Jeszcze przed założeniem Fundacji znalazłam kotkę której trzeba było usunąć oczy, innej drogi ratunku dla kici nie było. Byłam przerażona, ale nie uśpiłam. Popłakałam się, gdy usłyszałam pytanie od współpracującej ze mną lekarki:
– Czy mogę wyadoptować Małą?
– ???- bywa, że i mnie udaje się zaskoczyć.
– Do mojej pani sprzątającej, urzekła Ją.
Kotka ma teraz 15 lat.
To był drugi przełom.
Dał mi wiarę, odwagę i przekonanie, że świat składa się też z dobrych ludzi.
Potem trafił do nas niedowidzący Homer, Jednooki Pietrynek i tak się samo dalej potoczyło.
Obecnie na adopcję czeka jednooki Odyś, u Moniki maluszek Filipek czekający na operację oczka uszkodzonego przez ten wredny, koci wirus, u Izy duet kompletna niewidoma Wenus i opiekujący się Nią Wasylek.
Za każdym razem, kiedy mam wątpliwość, kiedy się zastanawiam czy podejmuję właściwą decyzję, oglądam zdjęcia wakacyjne Tenora. O tym, że koty ślepe w domu odnajdują się cudnie, nikt nie musi mnie zapewniać. Bywa, że goście nawet nie zauważą, że ukochany pupil nie ma oczu. Ale zdjęcia wakacyjne przysyłane przez Danutę zawsze podnoszą mnie na duchu.
Tenor przechodzi sam siebie.

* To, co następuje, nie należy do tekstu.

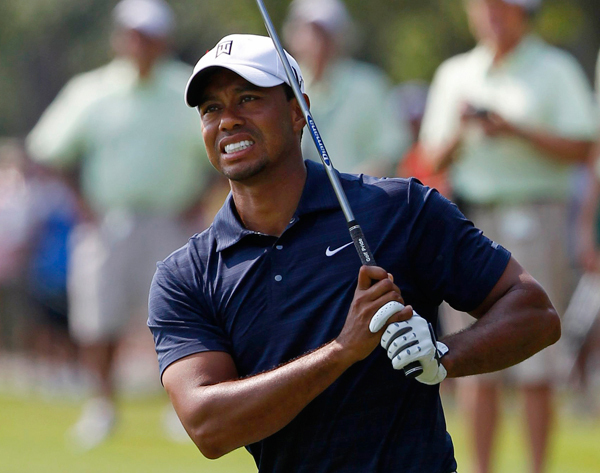 Tiger Woods of the U.S. reacts after hitting his second shot on the ninth hole during first round play of The Players Championship golf tournament at TPC Sawgrass in Ponte Vedra Beach, Florida May 12, 2011. (Xinhua/Reuters File Photo)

Kompletnie ślepy niemal od początku swego życia, wynoszony przez kotkę z gniazda by ktoś malca zabrał, zwyciężył chorobę, dostał szansę od losu i proszę, teraz jest fajnym, radosnym kotem. Jest oczywiście otoczony nieustanną opieką, kiedy wychodzi z domku, ale widok kompletnie niewidomego kota na drzewie zawsze mnie rozczula. Te zdjęcia dają przewagę, są najlepszym argumentem w dyskusjach z lekarzami, choć prawdę mówiąc, coraz rzadziej od nich słyszę, że „może lepszym wyjściem byłaby eutanazja?”
Myślę, że nasze niegodzenie się na rozwiązania ostateczne ma wpływ nie tylko na działających z nami lekarzami, ale i inni stają się odważniejsi, bo przecież skoro Kociej Mamie od tylu lat się udaje wyszukać tych najlepszych ludzi, to czemu nie iść tą drogą?
Kiedyś dla moich hejterów pożywką była odmowa eutanazji ślepych miotów, teraz, po latach to oni weryfikują swoje stanowisko.